> _EXERCISE_: Look below for the line that contains "Different Types of" and the line that contains "Jamaica 2026 Home Kit", then restate both of them and every line in between, exactly. No picture goes in the copy.
[Opening DATA SHOWN section]
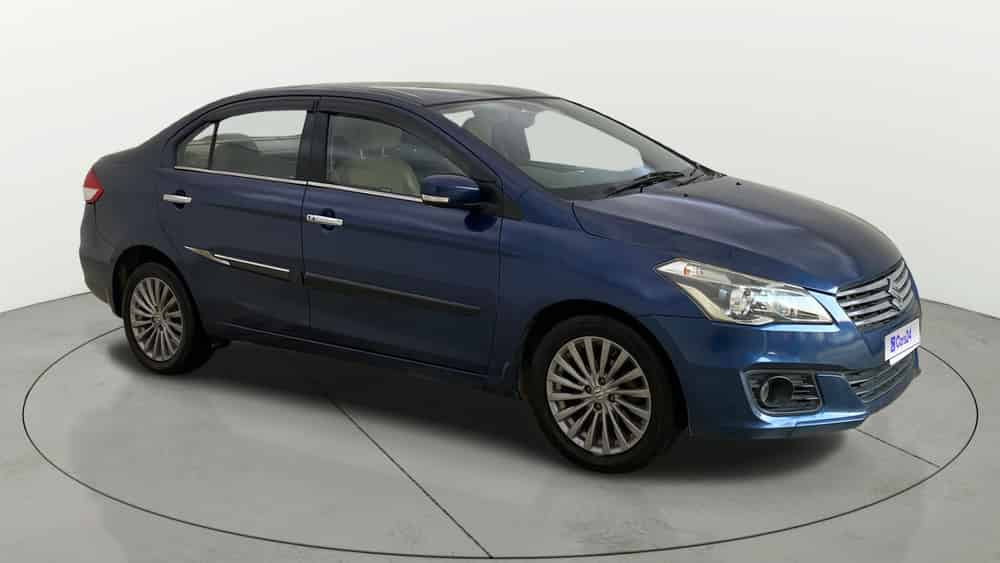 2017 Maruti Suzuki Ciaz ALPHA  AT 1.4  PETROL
[Closing DATA SHOWN section]
[Opening DATA SHOWN section]
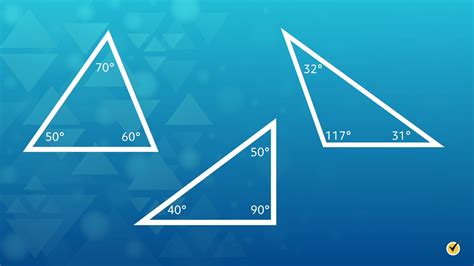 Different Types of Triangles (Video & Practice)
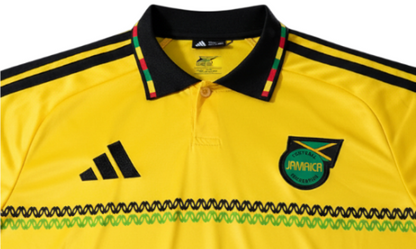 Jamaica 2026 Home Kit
[Closing DATA SHOWN section]
> _WRITTEN SOLUTION_:
 Different Types of Triangles (Video & Practice)
 Jamaica 2026 Home Kit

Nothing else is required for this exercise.